Природа вокруг тяжела и серьезна.

В час осени крайний - так скучно локтям

опять ушибаться об угол сиротства.

Соседской четы непомерный визит

все длится, и я, всей душой утомляясь,

ни слова не вымолвлю - в горле висит

какая-то глухонемая туманность.

В час осени крайний - огонь погасить

и вдруг, засыпая, воспрянуть догадкой,

что некогда звали меня погостить

в дому у художника, там, за Таганкой.

И вот, аспирином задобрив недуг,

напялив калоши, - скорее, скорее

туда, где румяные щеки надув,

художник умеет играть на свирели.

О, милое зрелище этих затей!

Средь кистей, торчащих из банок и ведер,

играет свирель и двух малых детей

печальный топочет хороводик.

Два детские личика умудрены

улыбкой такою усталой и вечной,

как будто они в мирозданье должны

нестись и описывать круг бесконечный.

Как будто творится века напролет

все это: заоблачный лепет свирели

и маленьких тел одинокий полет

над прочностью мира, во мгле акварели.

И я, притаившись в тени голубой,

застыв перед тем невеселым весельем,

смотрю на суровый их танец, на бой

младенческих мышц с тяготеньем вселенным.

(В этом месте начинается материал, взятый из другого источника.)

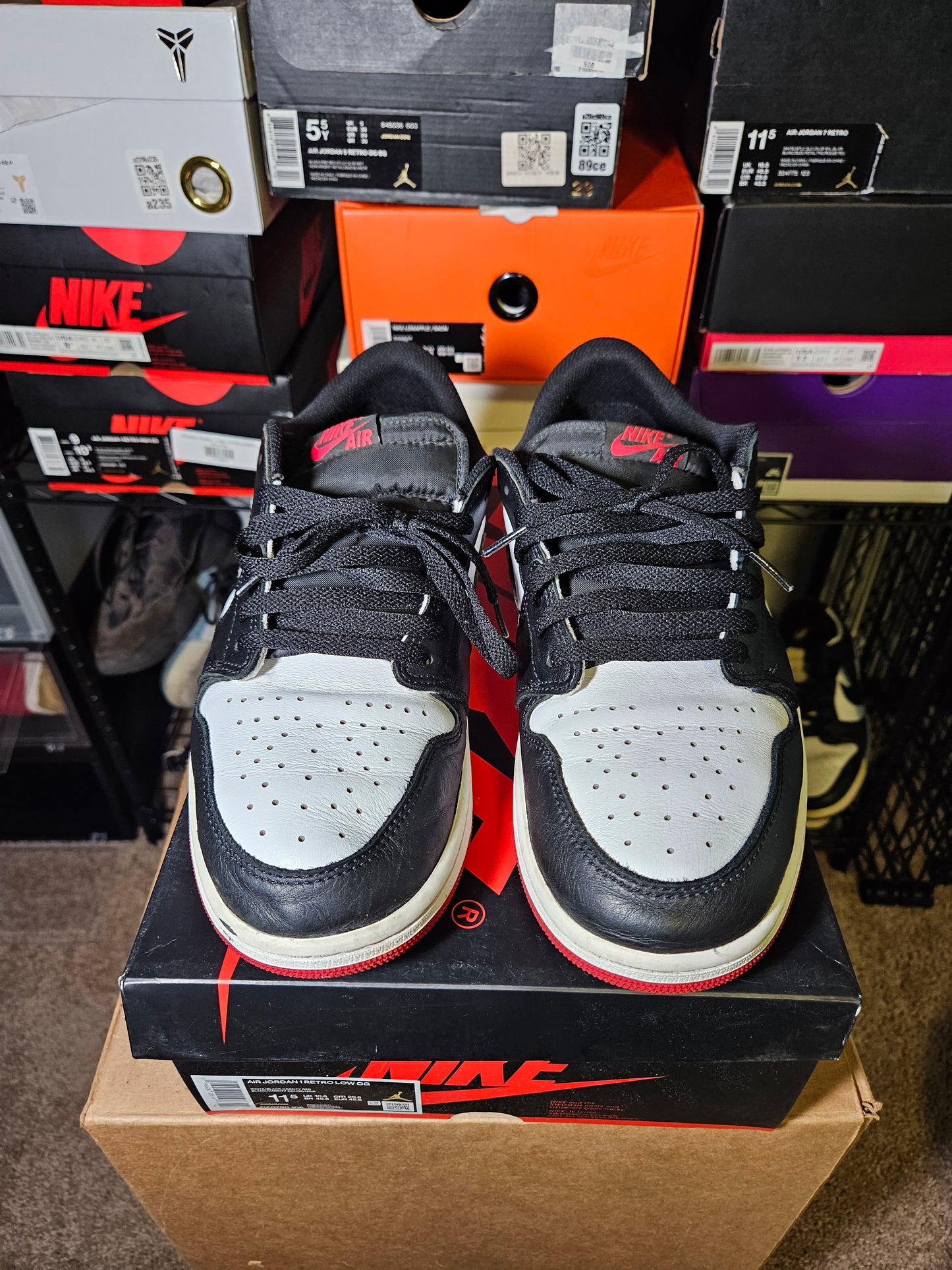 Size 11.5 - AJ 1 Retro OG Low Black Toe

Слабею, впадаю в смятенье невежд, -

когда, воссияв над трубою подзорной,

их в обморок вводит избыток небес,

терзая рассудок тоской тошнотворной.

Но полно! И я появляюсь в дверях,

недаром сюда я брела и спешила,

о, счастье, что кто-то так радостно рад,

рад так беспредельно и так беспричинно!

Явленью моих одичавших локтей

художник так рад, и свирель его рада,

и щедрые, ясные лица детей

даруют мне синее солнышко взгляда.

И входит, подходит та, милая, та,

простая, как холст, не насыщенный грунтом.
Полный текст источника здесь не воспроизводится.